WHAT YOU SHOULD DO — Return nothing but the lines from the one with "Outlet Clara Burgundy" through the one with "LEGO 71422 Super" in the data below, word for word and without pictures.

SUPPLIED MATERIAL —
------------------------------------------------

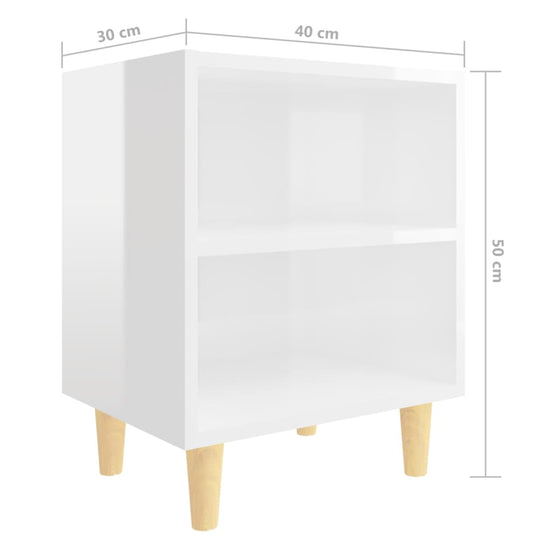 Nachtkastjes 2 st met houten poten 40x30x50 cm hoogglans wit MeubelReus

------------------------------------------------

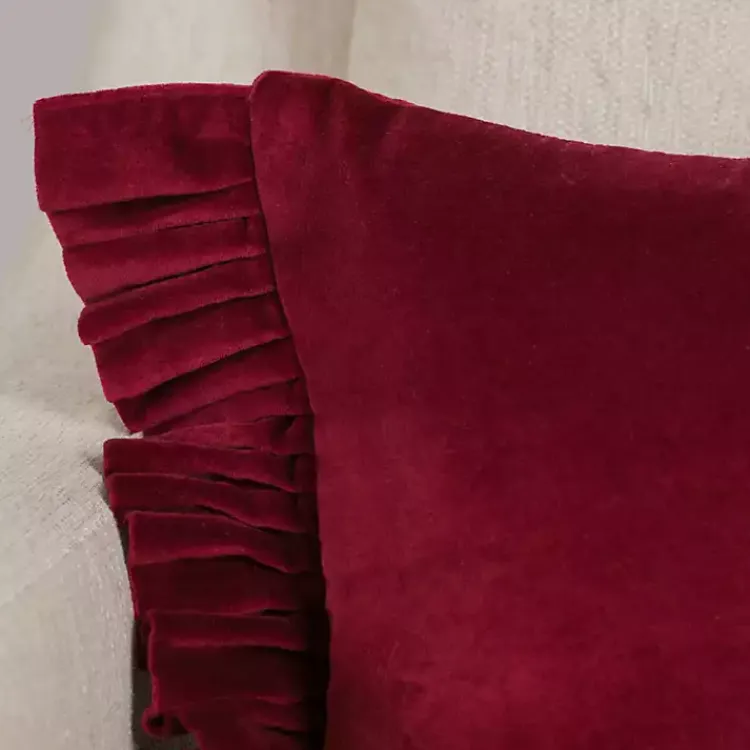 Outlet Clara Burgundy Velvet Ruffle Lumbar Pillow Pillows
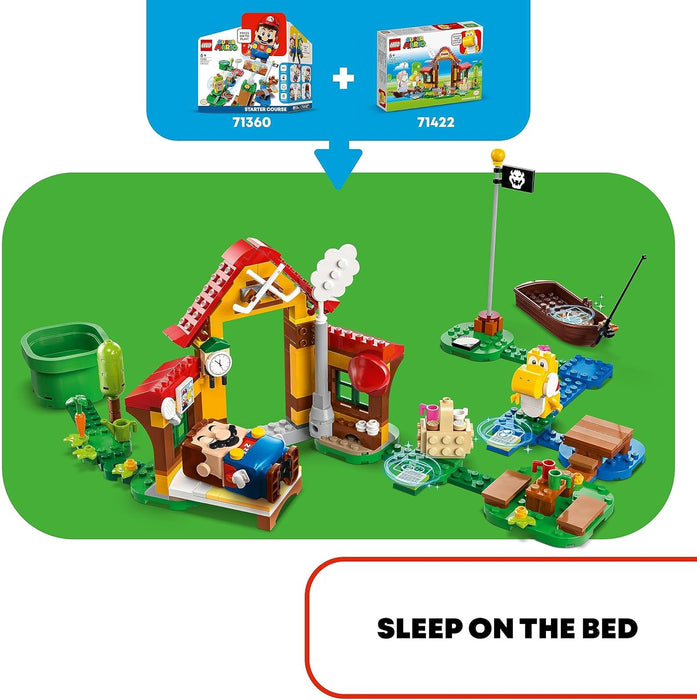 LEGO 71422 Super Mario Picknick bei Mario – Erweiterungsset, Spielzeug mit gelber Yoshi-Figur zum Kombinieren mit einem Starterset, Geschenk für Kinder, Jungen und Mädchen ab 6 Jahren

------------------------------------------------

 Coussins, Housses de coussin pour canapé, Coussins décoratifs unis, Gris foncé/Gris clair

------------------------------------------------

WRITTEN ANSWER —
 Outlet Clara Burgundy Velvet Ruffle Lumbar Pillow Pillows
 LEGO 71422 Super Mario Picknick bei Mario – Erweiterungsset, Spielzeug mit gelber Yoshi-Figur zum Kombinieren mit einem Starterset, Geschenk für Kinder, Jungen und Mädchen ab 6 Jahren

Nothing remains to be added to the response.